Source: Iḥyā’ ‘Ulūm al-Dīn 1/78
At an even deeper level, we cannot come to know Allah except by observing what is opposite to Him, i.e. the glory of monotheism is revealed by the feebleness of idolatry.
Allah created this life to be sustainable if natural opposites are balanced. Society functions best when people are in a state of moderation between extravagance (too much wealth) and poverty (not enough wealth). When the wealthy are miserly and refuse to give charity to those in need, it produces an imbalance in the economic system that harms the whole society. Nevertheless, the motivation to balance the system should not be simply materialistic, but rather to serve the Creator by willingly obeying His command to give charity:
وَإِذَا قِيلَ لَهُمْ أَنفِقُوا مِمَّا رَزَقَكُمُ اللَّهُ قَالَ الَّذِينَ كَفَرُوا لِلَّذِينَ آمَنُوا أَنُطْعِمُ مَن لَّوْ يَشَاءُ اللَّهُ أَطْعَمَهُ
When it is said to them: Spend from what Allah has provided for you! Those who disbelieve say to those who believe: Shall we feed those whom Allah could feed if He wished?
Surat Ya Sin 36:47
The reason they do not spend in charity is because their hearts are attached to the material world and not to Allah. They love their wealth more than they love obeying Allah and seeking nearness to Him, being deluded by Satanic whisperings in their hearts:
أَلَمْ أَعْهَدْ إِلَيْكُمْ يَا بَنِي آدَمَ أَن لَّا تَعْبُدُوا الشَّيْطَانَ ۖ إِنَّهُ لَكُمْ عَدُوٌّ مُّبِينٌ وَأَنِ اعْبُدُونِي ۚ هَٰذَا صِرَاطٌ مُّسْتَقِيمٌ
Did I not make a covenant with you, O children of Adam, not to worship Satan? Verily, he is clearly an enemy to you. Worship Me, for this is the straight path.
Surat Ya Sin 36:60-61
In sum, from the progression of the Quranic chapters from Qaf to Ya Sin, we see how objective observations of nature result in the recognition of one Creator, and how the inherently subjective nature of the human heart can be a barrier to accepting this plain fact. Allah reveals to us the nature of the heart and the means of cleansing it: doing good deeds, reading the Quran, and reflecting upon oneself and the creation.
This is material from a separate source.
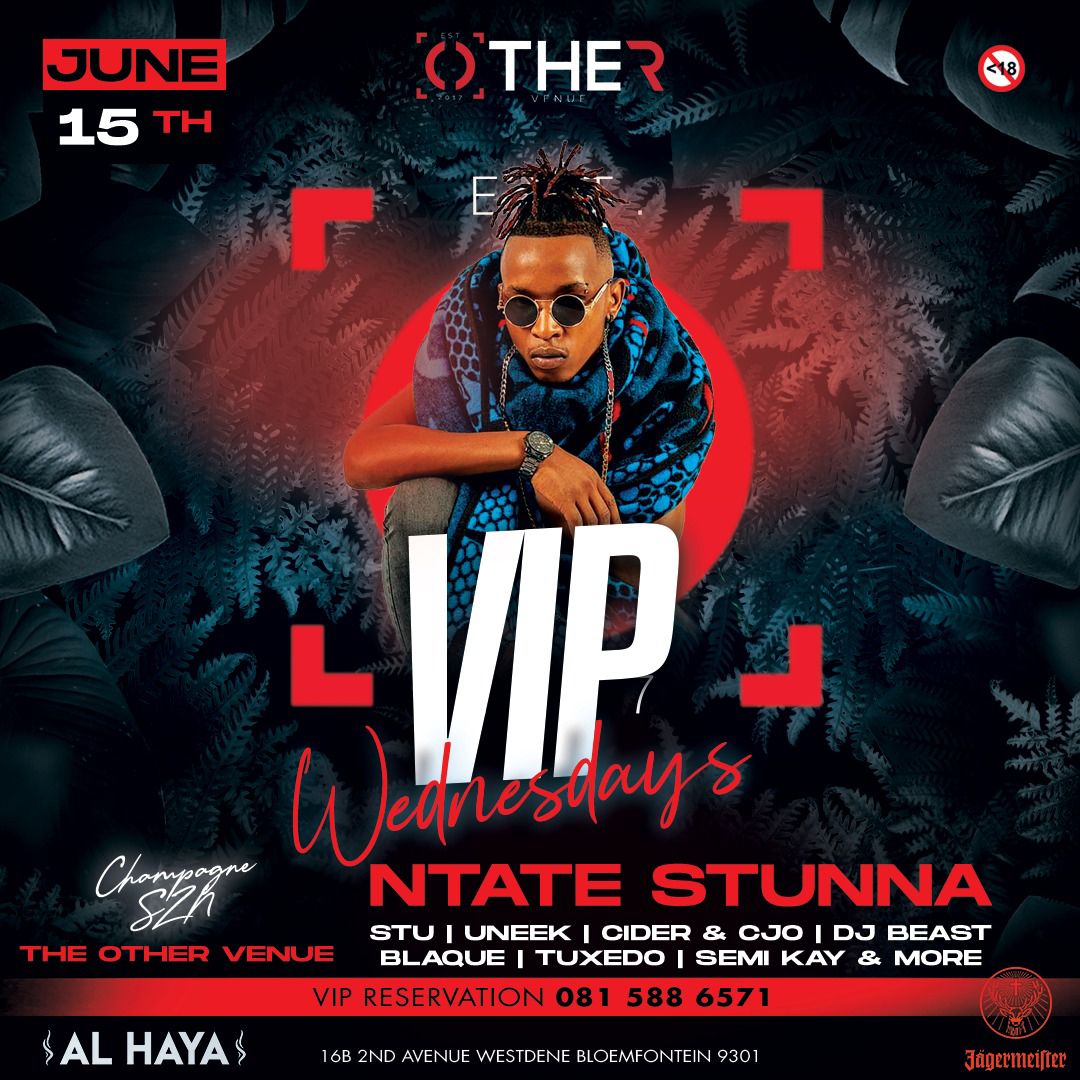 DjTuxedoSA's tweet photo. @ntatestunna is in the building Tonight! #LetsGo #VIPWednesdays https://t.co/eTNvv2aGli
Once the heart is purified of worldly desires and spiritual diseases, we are then charged with the duty to publicly, confidently, and humbly call others to the true religion. Surat Ya Sin acknowledges the subjectivity of the believer’s inner-experience and his need to rely on the Quran and its Messengers as the reference point, then it moves back to objective observations of nature to validate the believer’s subjective experience. The takeaway here is that purification of the heart is necessary before one can properly spread the message of Islam, a process which begins first by observing nature and drawing logical conclusions about what they mean for our understanding of Reality.
Success comes from Allah, and Allah knows best.